DATA PROVIDED Start Marker
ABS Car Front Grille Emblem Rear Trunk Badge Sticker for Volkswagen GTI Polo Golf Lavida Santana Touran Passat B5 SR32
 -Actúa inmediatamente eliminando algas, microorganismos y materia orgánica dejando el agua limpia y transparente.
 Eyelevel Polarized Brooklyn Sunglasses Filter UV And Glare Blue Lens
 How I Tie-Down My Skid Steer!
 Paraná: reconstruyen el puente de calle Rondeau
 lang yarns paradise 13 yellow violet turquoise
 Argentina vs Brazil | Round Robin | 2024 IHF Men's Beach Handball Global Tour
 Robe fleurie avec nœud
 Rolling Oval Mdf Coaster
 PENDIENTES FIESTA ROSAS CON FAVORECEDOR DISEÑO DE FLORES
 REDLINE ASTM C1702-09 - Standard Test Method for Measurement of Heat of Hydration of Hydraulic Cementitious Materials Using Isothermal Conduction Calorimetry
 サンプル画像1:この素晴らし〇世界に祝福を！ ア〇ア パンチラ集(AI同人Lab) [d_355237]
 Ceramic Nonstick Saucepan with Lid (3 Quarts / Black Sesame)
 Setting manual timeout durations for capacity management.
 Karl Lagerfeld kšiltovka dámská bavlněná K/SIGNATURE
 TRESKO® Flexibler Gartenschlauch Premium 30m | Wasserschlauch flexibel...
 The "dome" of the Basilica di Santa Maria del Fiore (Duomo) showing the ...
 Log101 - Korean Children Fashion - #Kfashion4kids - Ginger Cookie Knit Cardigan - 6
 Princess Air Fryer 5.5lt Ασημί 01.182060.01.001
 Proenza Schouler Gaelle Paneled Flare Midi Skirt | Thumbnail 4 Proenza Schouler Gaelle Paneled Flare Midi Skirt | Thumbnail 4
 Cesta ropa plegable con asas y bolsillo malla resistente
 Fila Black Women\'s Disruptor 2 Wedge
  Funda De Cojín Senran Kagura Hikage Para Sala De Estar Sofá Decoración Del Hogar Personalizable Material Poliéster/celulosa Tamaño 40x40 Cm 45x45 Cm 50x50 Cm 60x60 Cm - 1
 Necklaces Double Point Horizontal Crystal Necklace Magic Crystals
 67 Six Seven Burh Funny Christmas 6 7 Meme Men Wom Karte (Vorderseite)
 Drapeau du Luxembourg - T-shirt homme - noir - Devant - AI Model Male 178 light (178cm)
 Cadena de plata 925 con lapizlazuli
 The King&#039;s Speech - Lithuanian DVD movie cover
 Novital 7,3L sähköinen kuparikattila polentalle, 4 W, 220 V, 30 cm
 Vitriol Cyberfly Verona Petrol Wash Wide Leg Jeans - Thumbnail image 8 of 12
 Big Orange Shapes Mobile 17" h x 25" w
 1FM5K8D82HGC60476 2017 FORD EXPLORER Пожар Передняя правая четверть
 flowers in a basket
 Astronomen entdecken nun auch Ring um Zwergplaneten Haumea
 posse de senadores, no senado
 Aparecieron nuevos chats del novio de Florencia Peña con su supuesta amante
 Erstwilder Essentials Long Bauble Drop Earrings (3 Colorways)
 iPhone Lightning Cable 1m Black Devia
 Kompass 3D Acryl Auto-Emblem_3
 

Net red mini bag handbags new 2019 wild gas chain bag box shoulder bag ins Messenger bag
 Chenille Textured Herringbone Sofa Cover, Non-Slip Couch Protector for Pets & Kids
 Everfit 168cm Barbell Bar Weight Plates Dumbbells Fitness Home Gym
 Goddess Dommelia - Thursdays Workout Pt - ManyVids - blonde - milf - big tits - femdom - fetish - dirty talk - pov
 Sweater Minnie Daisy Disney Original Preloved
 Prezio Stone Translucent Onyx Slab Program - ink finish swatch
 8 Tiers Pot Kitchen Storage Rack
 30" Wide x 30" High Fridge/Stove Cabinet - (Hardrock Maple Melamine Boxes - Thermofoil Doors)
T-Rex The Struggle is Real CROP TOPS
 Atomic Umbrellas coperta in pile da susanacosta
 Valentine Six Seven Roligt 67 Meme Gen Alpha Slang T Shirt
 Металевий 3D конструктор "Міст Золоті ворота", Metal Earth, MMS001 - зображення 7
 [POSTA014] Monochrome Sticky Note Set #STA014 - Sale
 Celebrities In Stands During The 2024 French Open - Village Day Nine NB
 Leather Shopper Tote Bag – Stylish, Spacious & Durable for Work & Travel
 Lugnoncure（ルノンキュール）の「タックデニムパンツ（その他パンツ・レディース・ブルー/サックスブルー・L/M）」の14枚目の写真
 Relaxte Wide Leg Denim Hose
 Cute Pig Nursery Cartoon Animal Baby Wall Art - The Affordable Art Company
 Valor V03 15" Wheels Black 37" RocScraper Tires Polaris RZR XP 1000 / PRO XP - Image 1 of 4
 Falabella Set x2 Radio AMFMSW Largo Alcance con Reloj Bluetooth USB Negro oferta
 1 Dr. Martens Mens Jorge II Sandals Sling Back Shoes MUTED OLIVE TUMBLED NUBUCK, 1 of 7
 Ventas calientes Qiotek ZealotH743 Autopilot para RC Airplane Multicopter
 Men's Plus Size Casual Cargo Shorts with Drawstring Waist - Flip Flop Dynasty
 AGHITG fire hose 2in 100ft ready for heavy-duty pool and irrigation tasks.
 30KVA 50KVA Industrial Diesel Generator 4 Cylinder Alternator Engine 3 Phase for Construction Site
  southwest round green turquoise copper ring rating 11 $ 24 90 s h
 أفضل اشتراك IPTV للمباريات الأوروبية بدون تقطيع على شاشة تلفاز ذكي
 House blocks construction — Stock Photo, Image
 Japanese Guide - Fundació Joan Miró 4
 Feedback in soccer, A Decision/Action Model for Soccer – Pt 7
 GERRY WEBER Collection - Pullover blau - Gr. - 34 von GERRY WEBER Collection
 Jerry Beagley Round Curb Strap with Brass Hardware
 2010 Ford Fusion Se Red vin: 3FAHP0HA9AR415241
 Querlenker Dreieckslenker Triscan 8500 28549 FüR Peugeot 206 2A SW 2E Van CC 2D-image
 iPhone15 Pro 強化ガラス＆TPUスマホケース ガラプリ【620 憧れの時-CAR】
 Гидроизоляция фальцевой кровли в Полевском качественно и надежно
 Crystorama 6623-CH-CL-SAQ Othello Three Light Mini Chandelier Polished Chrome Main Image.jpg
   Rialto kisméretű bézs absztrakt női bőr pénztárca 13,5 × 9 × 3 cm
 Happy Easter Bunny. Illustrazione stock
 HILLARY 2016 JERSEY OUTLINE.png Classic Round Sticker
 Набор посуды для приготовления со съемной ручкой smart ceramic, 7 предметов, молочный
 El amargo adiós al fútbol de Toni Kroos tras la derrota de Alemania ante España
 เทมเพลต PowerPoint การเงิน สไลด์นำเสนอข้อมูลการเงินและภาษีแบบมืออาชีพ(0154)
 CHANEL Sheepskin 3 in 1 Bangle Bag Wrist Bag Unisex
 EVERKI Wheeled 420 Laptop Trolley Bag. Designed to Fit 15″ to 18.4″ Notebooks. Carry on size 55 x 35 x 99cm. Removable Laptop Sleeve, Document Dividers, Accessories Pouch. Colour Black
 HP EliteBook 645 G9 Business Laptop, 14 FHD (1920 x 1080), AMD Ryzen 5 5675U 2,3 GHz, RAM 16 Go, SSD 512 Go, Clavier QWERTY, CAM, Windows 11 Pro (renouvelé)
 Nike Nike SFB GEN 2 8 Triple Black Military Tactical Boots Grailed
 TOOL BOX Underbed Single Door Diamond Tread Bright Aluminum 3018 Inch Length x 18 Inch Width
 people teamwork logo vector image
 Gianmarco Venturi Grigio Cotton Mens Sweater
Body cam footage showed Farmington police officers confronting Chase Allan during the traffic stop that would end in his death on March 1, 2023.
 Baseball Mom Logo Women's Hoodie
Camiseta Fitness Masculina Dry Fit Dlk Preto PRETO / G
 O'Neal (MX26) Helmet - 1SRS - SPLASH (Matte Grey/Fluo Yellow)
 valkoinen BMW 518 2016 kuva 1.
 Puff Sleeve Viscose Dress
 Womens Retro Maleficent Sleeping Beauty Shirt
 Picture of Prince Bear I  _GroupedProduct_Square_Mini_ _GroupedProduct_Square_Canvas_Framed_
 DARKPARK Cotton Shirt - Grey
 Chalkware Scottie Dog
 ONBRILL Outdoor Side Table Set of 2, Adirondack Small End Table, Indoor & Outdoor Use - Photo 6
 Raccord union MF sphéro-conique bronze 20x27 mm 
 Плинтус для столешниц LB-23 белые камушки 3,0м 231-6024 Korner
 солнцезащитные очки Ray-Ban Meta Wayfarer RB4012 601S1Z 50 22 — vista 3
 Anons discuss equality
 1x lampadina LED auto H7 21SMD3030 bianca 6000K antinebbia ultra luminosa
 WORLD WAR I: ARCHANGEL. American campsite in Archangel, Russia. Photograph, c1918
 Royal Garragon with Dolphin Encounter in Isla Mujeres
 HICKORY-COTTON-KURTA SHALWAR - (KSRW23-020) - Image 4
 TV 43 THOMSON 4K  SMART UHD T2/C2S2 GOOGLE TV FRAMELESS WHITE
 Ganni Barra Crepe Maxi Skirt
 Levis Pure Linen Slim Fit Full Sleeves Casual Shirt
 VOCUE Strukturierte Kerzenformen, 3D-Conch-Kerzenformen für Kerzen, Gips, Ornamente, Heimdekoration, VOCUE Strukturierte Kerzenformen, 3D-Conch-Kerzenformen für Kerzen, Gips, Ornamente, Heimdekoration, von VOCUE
DATA PROVIDED End Marker
**TASK STATEMENT**
Of the entries listed above, reproduce only the lines starting at the line containing "Happy Easter Bunny. Illustrazione stock" and ending at the line containing "1x lampadina LED". Include both, exactly as they stand.

**SOLUTION TO THE EXERCISE**
 Happy Easter Bunny. Illustrazione stock
 HILLARY 2016 JERSEY OUTLINE.png Classic Round Sticker
 Набор посуды для приготовления со съемной ручкой smart ceramic, 7 предметов, молочный
 El amargo adiós al fútbol de Toni Kroos tras la derrota de Alemania ante España
 เทมเพลต PowerPoint การเงิน สไลด์นำเสนอข้อมูลการเงินและภาษีแบบมืออาชีพ(0154)
 CHANEL Sheepskin 3 in 1 Bangle Bag Wrist Bag Unisex
 EVERKI Wheeled 420 Laptop Trolley Bag. Designed to Fit 15″ to 18.4″ Notebooks. Carry on size 55 x 35 x 99cm. Removable Laptop Sleeve, Document Dividers, Accessories Pouch. Colour Black
 HP EliteBook 645 G9 Business Laptop, 14 FHD (1920 x 1080), AMD Ryzen 5 5675U 2,3 GHz, RAM 16 Go, SSD 512 Go, Clavier QWERTY, CAM, Windows 11 Pro (renouvelé)
 Nike Nike SFB GEN 2 8 Triple Black Military Tactical Boots Grailed
 TOOL BOX Underbed Single Door Diamond Tread Bright Aluminum 3018 Inch Length x 18 Inch Width
 people teamwork logo vector image
 Gianmarco Venturi Grigio Cotton Mens Sweater
Body cam footage showed Farmington police officers confronting Chase Allan during the traffic stop that would end in his death on March 1, 2023.
 Baseball Mom Logo Women's Hoodie
Camiseta Fitness Masculina Dry Fit Dlk Preto PRETO / G
 O'Neal (MX26) Helmet - 1SRS - SPLASH (Matte Grey/Fluo Yellow)
 valkoinen BMW 518 2016 kuva 1.
 Puff Sleeve Viscose Dress
 Womens Retro Maleficent Sleeping Beauty Shirt
 Picture of Prince Bear I  _GroupedProduct_Square_Mini_ _GroupedProduct_Square_Canvas_Framed_
 DARKPARK Cotton Shirt - Grey
 Chalkware Scottie Dog
 ONBRILL Outdoor Side Table Set of 2, Adirondack Small End Table, Indoor & Outdoor Use - Photo 6
 Raccord union MF sphéro-conique bronze 20x27 mm 
 Плинтус для столешниц LB-23 белые камушки 3,0м 231-6024 Korner
 солнцезащитные очки Ray-Ban Meta Wayfarer RB4012 601S1Z 50 22 — vista 3
 Anons discuss equality
 1x lampadina LED auto H7 21SMD3030 bianca 6000K antinebbia ultra luminosa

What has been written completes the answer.